Je me précipite dans la noirceur du couloir. Une musique aux accents industrielles tire sur mon oreille droite. Je la suis. D'autres gens? Un porte manteau plein de poussière me percute l'épaule, mais je ne bronche pas. Mes pieds glissent sur l'accumulation de poussière, et je tombe dans un amoncellement de boites de bières vides. Le carton est humide, l'odeur est métallique, sanguine... à moins que ce ne soit mon bras tordu? Mes dents mordent mes joues jusqu'à dénuder la chaire. La musique... je me relève et laisse mes jambes fourbues se faire violence pour me guider vers le rythme artificiel. Une lueur? Un trait de lumière, indécis entre le pourpre et le cyan, s'échappe d'une porte dont la poignée pends hors de son socle. Le sol tremble sous le poids de l'ambiance. La musique vient de là. Je pousse la porte.

Une salle pleine à craquer. Une boule disco. Des néons sur les murs. Des dizaines de pions qui bougent, sans esprit, de haut en bas. Un parfum de vomit frais et dur. C'est trop. Mais... ils arrivent.

Je plonge vers la foule. Les corps s'entrechoquent, s'attirent, se repousse, personne ne remarque l'inconnu écorché qui tente de se frayer un chemin vers le coeur. Le DJ. Je pense le connaitre. Apparemment il aurait peut-être un truc pour m'aider. Une armoire à glace m'envoie son coude dans le front. Je suis projeté sur quelqu'un. Mes paupières s'alourdissent, la douleur me fait un clin d'oeil cruel... ma conscience s'alourdis, disparaissant dans les méandre des mesures cauchemardesque...

Quelqu'un me prends l'épaule. Un inconnu. Il est ivre, tenant à la main une bouteille de mélange non identifié.

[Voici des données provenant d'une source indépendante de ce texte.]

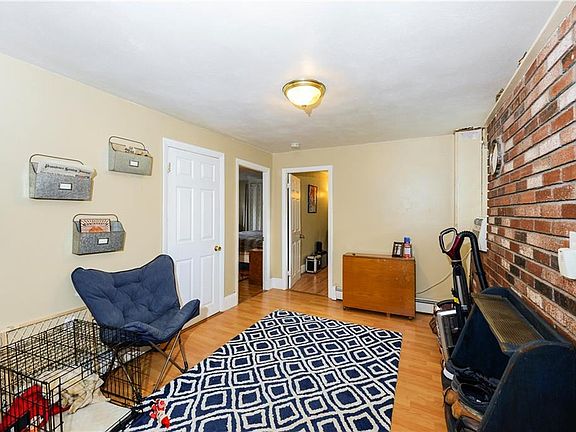 4th image of 422 East Ave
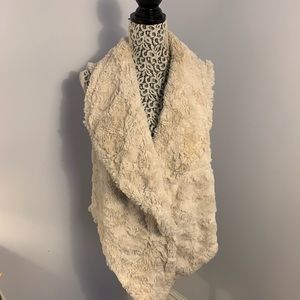 Dylan Faux Fur White Vest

Il a à peine le temps de constater l'état de mon bras que la bouteille se retrouve suspendue à mes lèvres. C'est ignoble. Je sens mes extrémités s'alourdir et la douleur reculer. C'est gérable. Une main musclé s'écrase brutalement contre le visage de l'inconnu, et derrière lui, deux d'iris étincelant de violence. Je suis sur la ligne rouge. Ils sont là.

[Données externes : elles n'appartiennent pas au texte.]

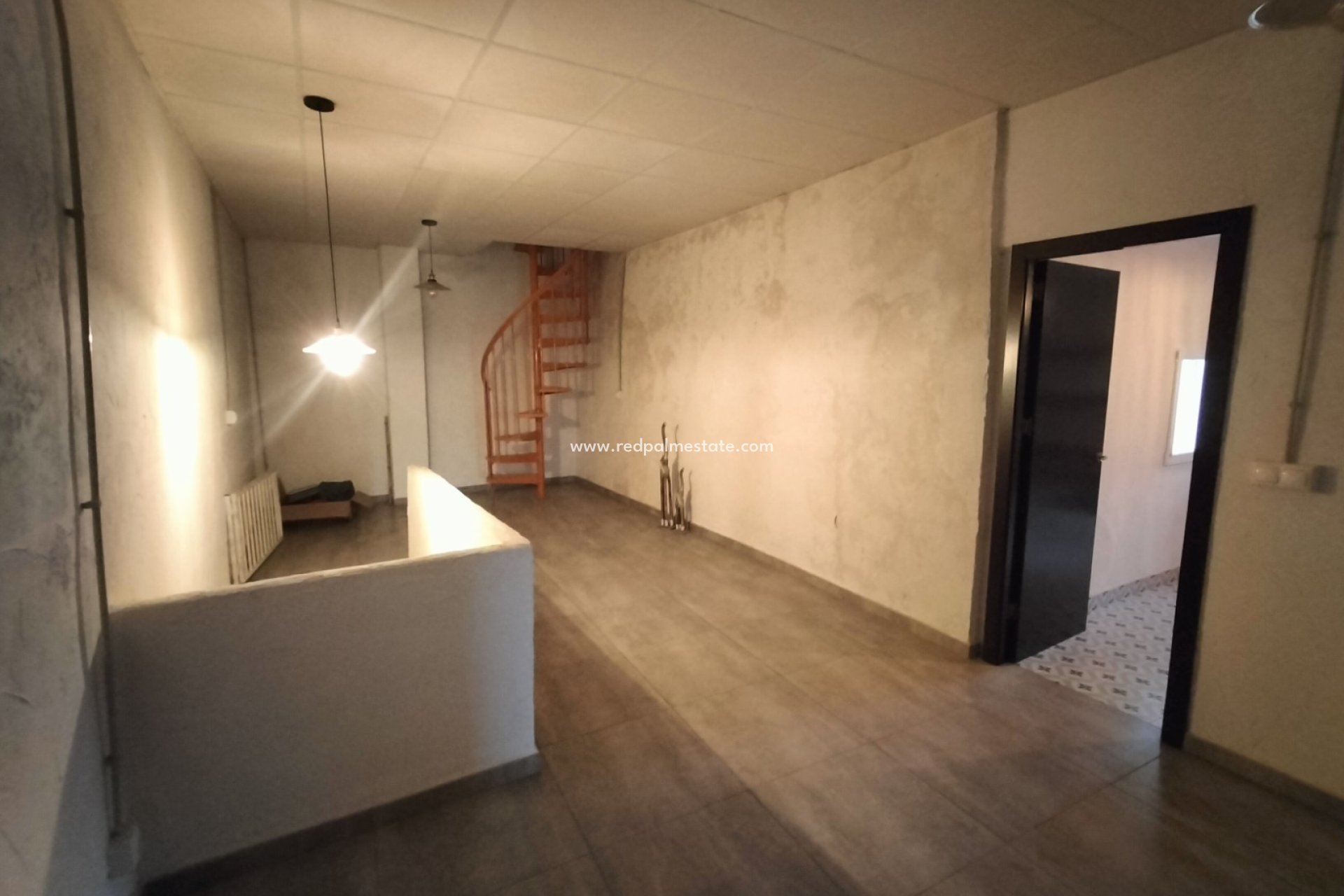 Återförsäljning - Radhus -
Monóvar/Monóver - Inland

Je plonge vers la source du son. C'est en dérapant que j'arrive contre un haut parleur gris et sale. Le bruit est assourdissant. Je toise ma droite. Une autre immense caisse de son. Entre les deux, une table souillée, jonché de bières, de verres, de tourne disques, et...

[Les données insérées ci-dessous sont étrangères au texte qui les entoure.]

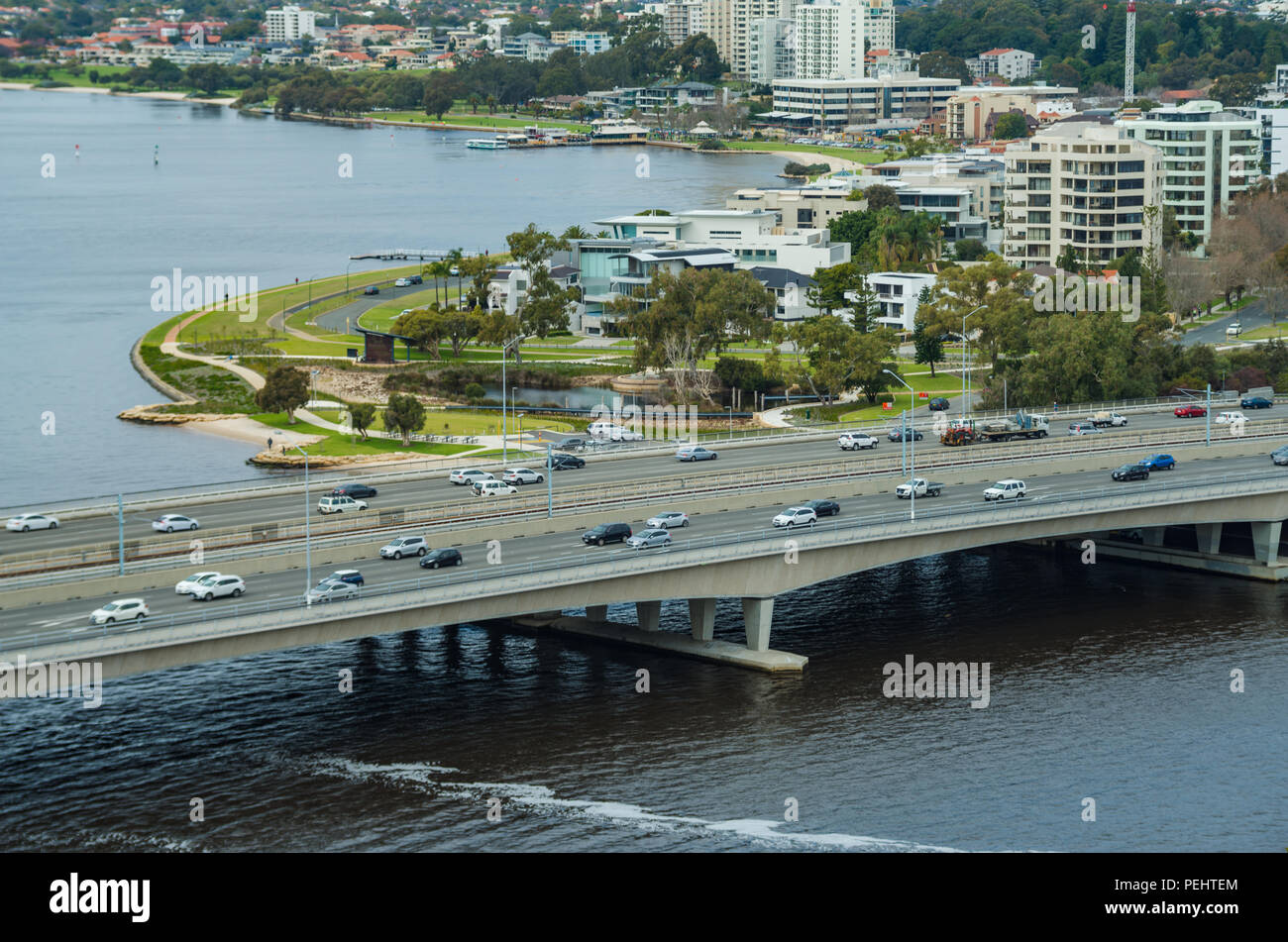 Narrows Bridge und South Perth City, Blick vom Kings Park, Perth, Western Australia Stockfoto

Je plonge derrière la console de son. Mon ami lâche la platine en criant alors que je me colle à lui. Je n'ai plus de temps. Je colle une main dans son dos, et à tâtons, mes doigts frôlent le métal poisseux d'une arme.

Je m'en empare.

Et alors qu'il s'apprête à m'empoigner, mon premier poursuivant reçoit une balle dans la jambe."